Minimalism | What I've Stopped Buying

Photo by Liana Mikah (@lianamikah) 

After roughly ten months of taking on this "minimalist" lifestyle, there are things I've gradually cut from my life. Things that took up space, money, and time. I'm always curious to know what other "minimalists" have stopped purchasing, so I thought I'd jump on here and share with you what I've stopped buying! With all my future traveling, I don't want a bunch of extra stuff weighing me down. I've done some heavy research over the last few months and have come to the conclusion that there are just some things I really do not need to be buying any longer and it has resulted in less trash, more space, and money saved. Here are those items: 

To be completely honest, I've never had cable as an adult living on my own and I'm perfectly happy with that. For some people, it's really important, but in my case I've never been one to watch much TV. To me, the purpose of television is to pass time and I feel as though there are so many more productive things to go be doing. I can find whatever I need on the internet instead (weather and news). Plus, it's one less bill to worry about at the end of the month. Hello $8 Netflix, goodbye $50+ cable bills. 

Cheap disposables
Example? Paper plates, plastic utensils, paper towels, the list continues. Sure, it's nice to lessen the load of dishes when you have extra company over, but truthfully,  I don't have company over often, and if I did, I'd much rather just wash the dishes than feed into the wasteful side of society.

Doubles and Extras
I no longer stock up on items just to have backups sitting in the closet once I run out. For example: makeup, toothpaste, hair products. I think it works better to just keep track of where I am with everything and once I run out, then I'll repurchase. There is just no point in stocking up unless you live a long distance from the store. This relieves some of the space in your bathroom closet or cabinet and it feels great to not see the overflowing clutter.

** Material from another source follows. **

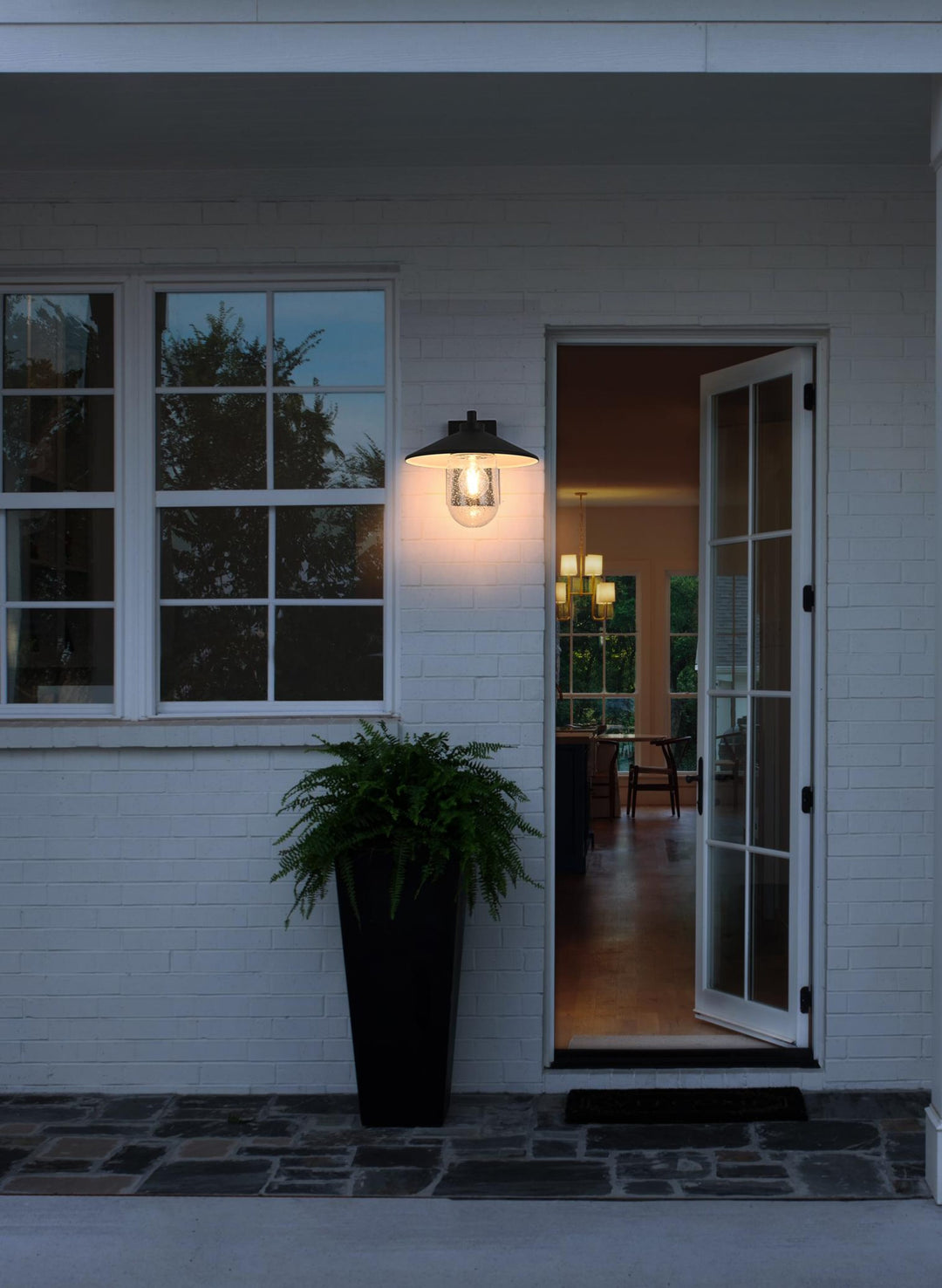 Scott Outdoor Wall Light by Elegant - view 2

I do my best to purchase anything made out of plastic as much possible. After plenty of research, I've become more aware of the amount of plastic in our everyday lives, and it's kind of crazy. Sure, it's durable, but is it truly environment-friendly? There are so many great alternatives to plastic: wood, glass, metal, and stainless steal. Mason jars, bamboo toothbrushes, wooden hairbrushes, etc. While it's probably not possible to avoid it completely, it's important to remain mindful about it.

Mindless Decor
When I moved into my first apartment, I thought about how I wanted the space to be decorated just so and in a certain way. I wanted to purchase different decorations to fill the space. I'm to the point now where I don't really care to just fill the space. I've learned to embrace it and love it. It's so silly to me now to buy something just to buy it. To spend the money on it and have it just sit in your house.

Fast Fashion
I try to focus less attention on what the media tells me the trends are and look within myself and determine what I truly love. Nine times out of ten, fast fashion stores have their clothes made unethically made in unsafe locations where people work for little to nothing - usually third world countries. I really don't want to support that and I also don't want to buy something and feel like I can't wear it ten months later because it's no longer in trend. How do you avoid buying fast fashion clothes? Typically, you best bet will be to shop from smaller companies that actually state they are ethical and fair trade, and the clothes look timeless - not super TRENDY. Usually those stores are more expensive - because they are properly paying the artists and people who made the clothes and the quality usually much better. In the end, I feel as though it's better to save up, invest in quality pieces, and not support the fast fashion industry. 

Extra Kitchen Clutter
This is quite broad, but very necessary to consider. Why do you need five wine glasses when there is just two of you? Why do you need two blenders? (Ok, I was actually guilty of that at one point.) There is nothing worse than opening a cupboard to see shelves with glasses, plates, and so on just piling over each other.